I have nothing against Dickau as a backup PG on a team with existing chemistry ya know like a playoff team. With the Blazers I figure you have to play potential and Dixon has more potential to develop into a BJ Armstrong, Vernon Maxwell, or Vinny Johnson type contributor then Dickau who will always be streaky backup PG. The Blazers have little chemistry to lose. Besides I would figure playing next to Roy and knowing the system would make Dixon less of a chemistry hit them you normally take playing a tweener guard.


----------



## mediocre man (Feb 24, 2004)

I'm sorry, but Dixon is really bad. Even if his shot is on and he shoots 40+% he gives that up and more defensively. The other major complaint I have with Juan is that as soon as he gets the ball the little offensive movement that this team has comes to a hault


----------



## PorterIn2004 (Jan 1, 2003)

Dickau and Dixon provide different things. Dickau has better range but Dixon is better at getting his own shot. Both are streaky. Dixon is probably higher energy and has good hands for SG where Dickau is a more pure PG and better at running a team. Neither is a particularly good defender, particularly when having to defend taller SGs. Neither is good enough to really force Nate to play him, even on this team that'll be in the running for worst in the league.

This game I think Dickau got more PT both because he played (unexpectedly?) well last game and because the team was in shambles during the first quarter. The starting PG looked like a deer in headlights (though he went on to have a pretty good game) and the team needed someone to settle them down -- more of a slow-down QB than a "Slash" who usually looks to push things. For this game, I think Nate made the right call and I think it was a mistake to go to Dixon when he did, though it's easy to say that in hindsight.

Further, I think it'll be that way for at least a bit because Roy and Webster are playing _so_ well (and mostly at the SG/SF spots) and Jack, while doing pretty well, is still less reliable than some of the others.

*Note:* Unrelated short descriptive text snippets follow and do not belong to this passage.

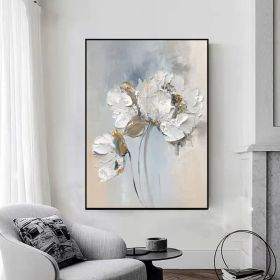 Larger 3D Abstract White Flowers Oil Painting On Canvas Floral wall Art Textured Painting Home Decor Wall Art Floral Wall Decor Gift (Style: 01, size: 90x130cm)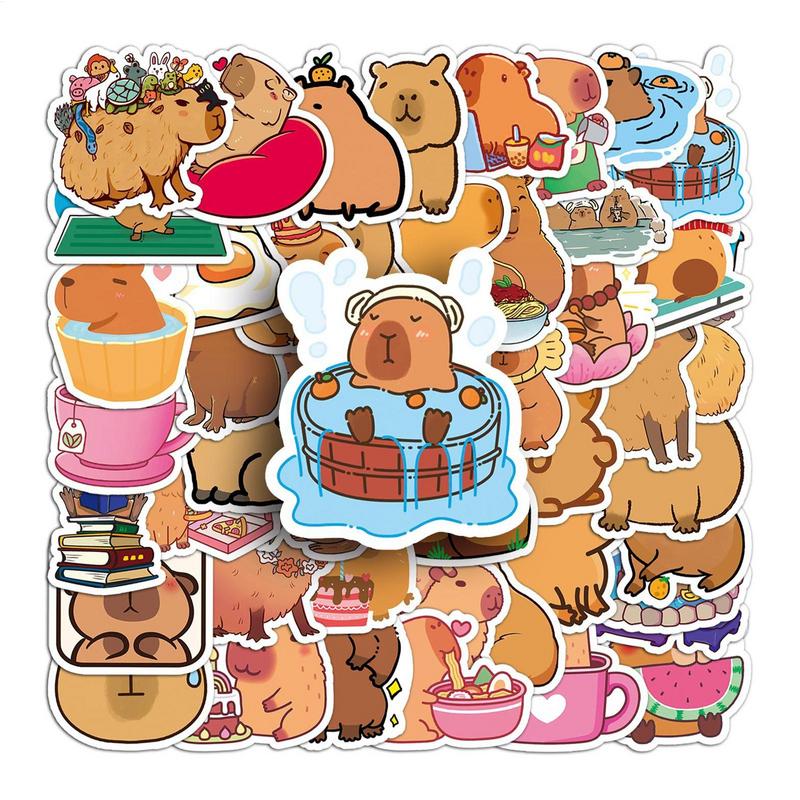 50pcs Capybara Sticker Animal PVC waterproof Print Stickers for Notebooks Water Bottles Laptop Suitcases Kids Capybara Decal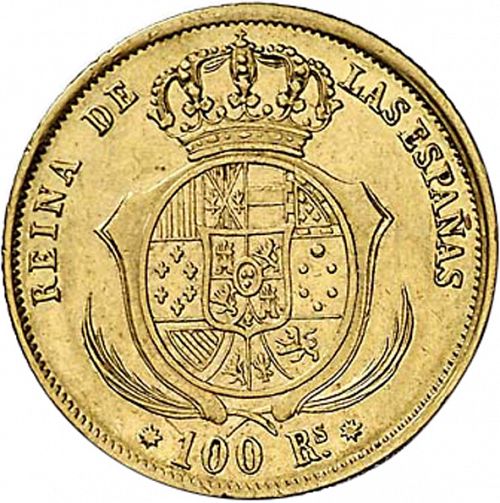 100 Reales Reverse Image minted in SPAIN in 1861 (1849-64  -  ISABEL II - Decimal Coinage)  - The Coin Database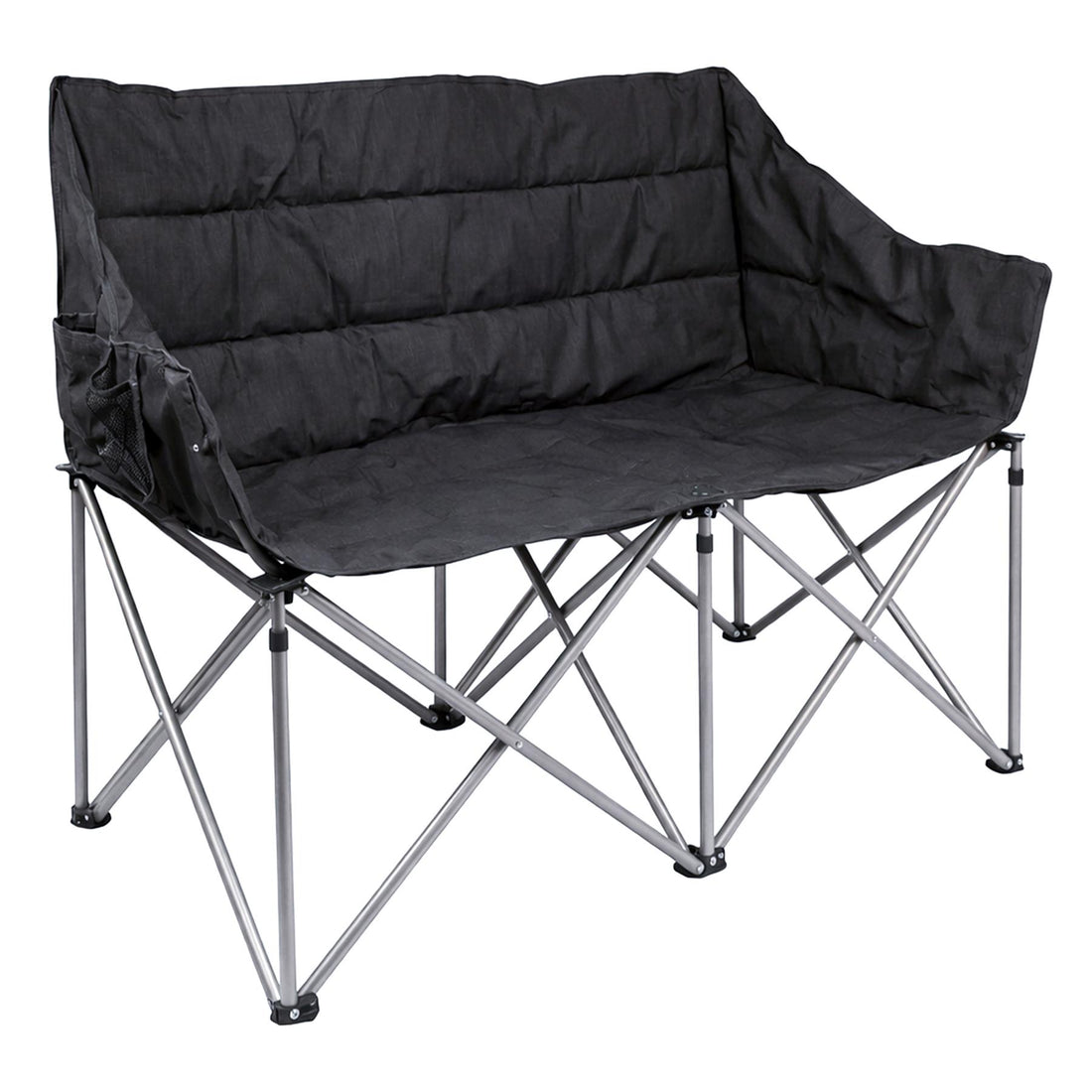 Padded Folding Double Camping Chair - Black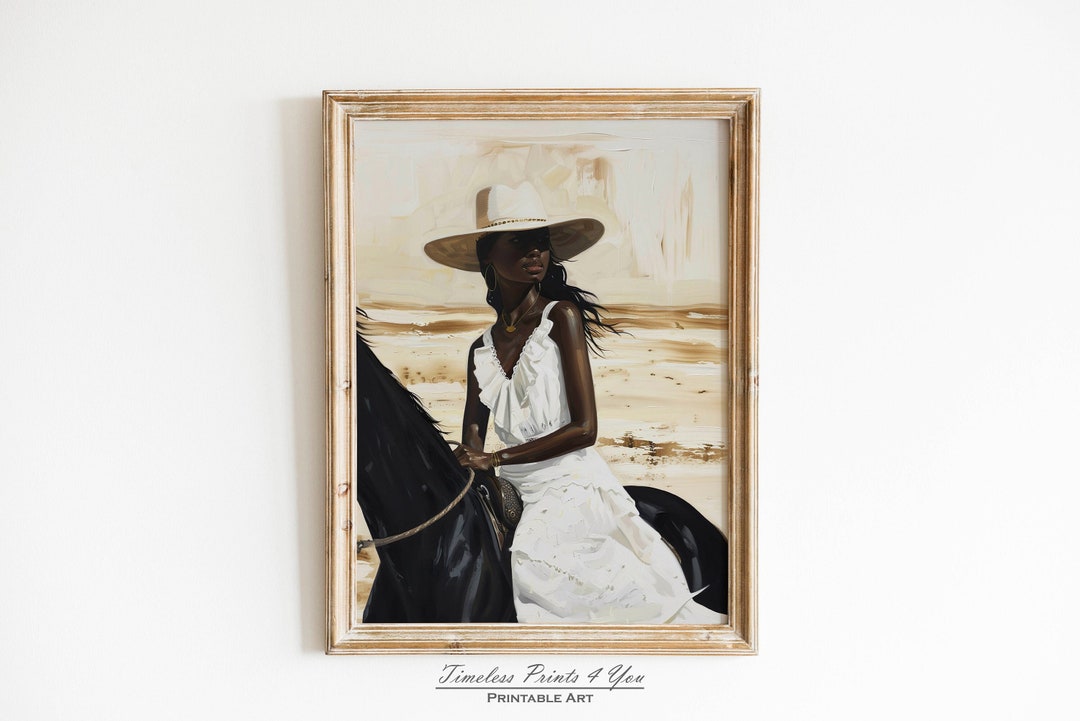 Black Cowgirl Painting, African American Woman on Horse (digital Print ...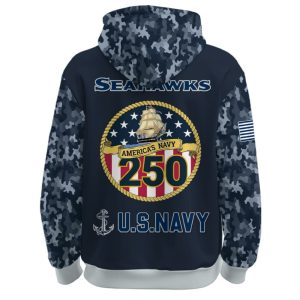 Seahawks US Navy 250th Birthday Celebration Hoodie 20252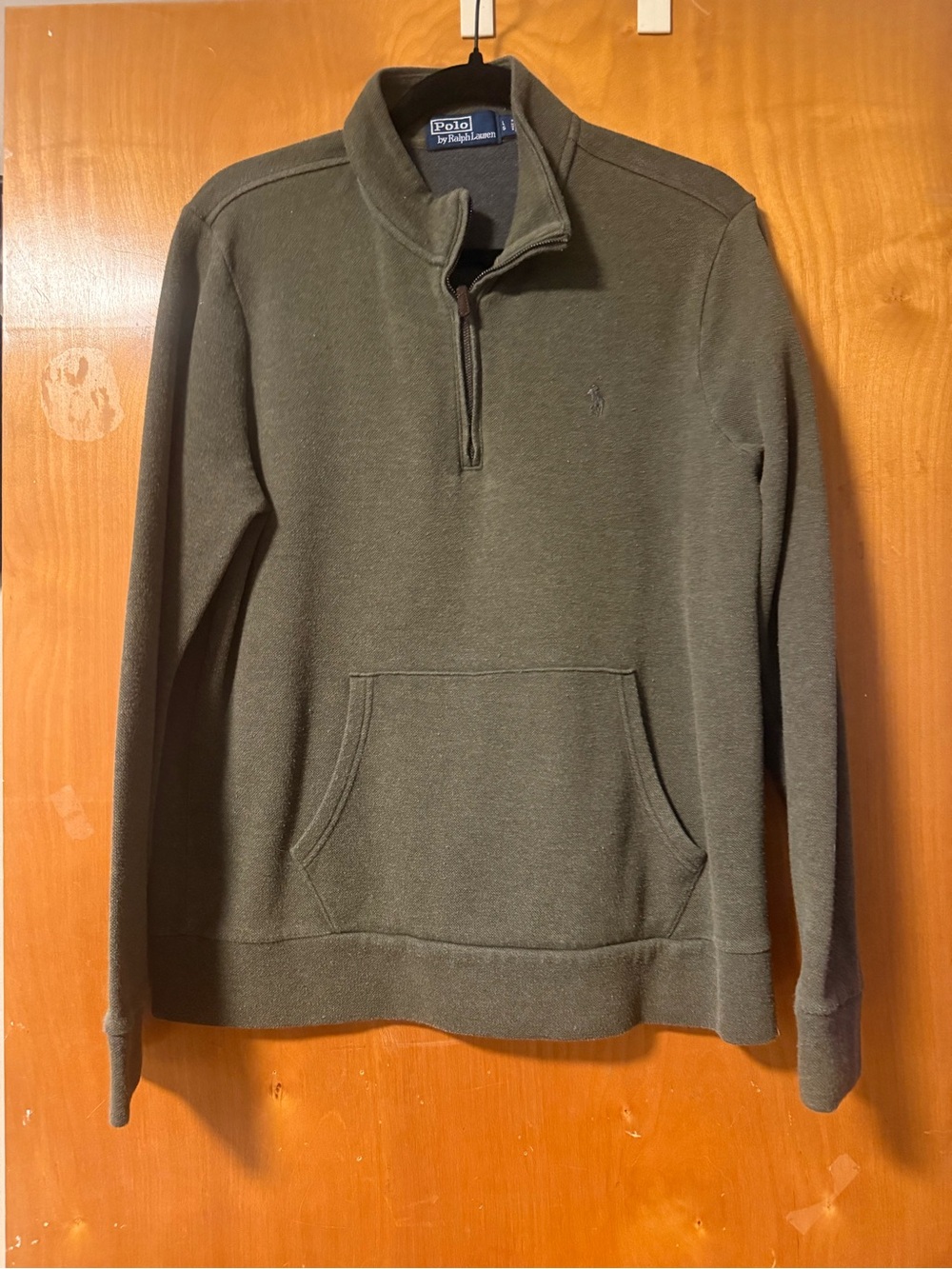 Ralph Lauren Olive Green Quarter-Zip Pullover Sweater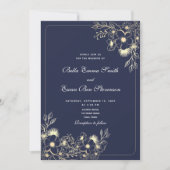 Invitation Mariage Code QR Or Bleu Marine Classique (Devant)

2k, I'm still with you that I think Roy and Dixon might be a really good combination -- likely better than Roy and Dickau long-term (though even after tonight I'm feeling unexpectedly optimistic about Dickau). Maybe I'm crazy but I think Nate made the right choice for tonight. Roy's almost certainly the best guard this team has (and played well against Davis for stretches tonight) and he's still not yet the PG that Jack, Dickau, and even Rodriguez are. I think Nate's going to be needing to make that call game by game and I don't envy him that job as he's going to be second-guessed with every loss and regardless of who he goes with the team will lose more than they'll win. Still, they were in this game at the end and there weren't too many games I remember ending that well when it started with the Blazers down 5 to 24.


----------



## hasoos (Jan 3, 2003)

mediocre man said:


> I'm sorry, but Dixon is really bad. Even if his shot is on and he shoots 40+% he gives that up and more defensively. The other major complaint I have with Juan is that as soon as he gets the ball the little offensive movement that this team has comes to a hault



I agree, Dixon is a complete black hole. As soon as he gets the ball he is jackin it up.


----------



## crandc (Sep 15, 2004)

I listened to the Warriors radio broadcast (a lot easier to pick up than Portland's). Some comments they made of interest:
Roy does not look or play like a rookie, he has an NBA body, he is not afraid to take a big shot, he is a very good ball handler.
Jack does not have great range but will get a lot of 3 point plays from "and one"; since he is so strong in the upper body he can be fouled and still hit his shot.
Zach is a lot slimmer and looks like he did "before he signed the big contract" (they could have said before he got injured but they could not be objective, god forbid). Said once he gets the ball in the paint he can't be stopped.
Said Nate gave the team a lot of freedom last year but it won't be like that this year; he expects players to do what they are told or they will sit.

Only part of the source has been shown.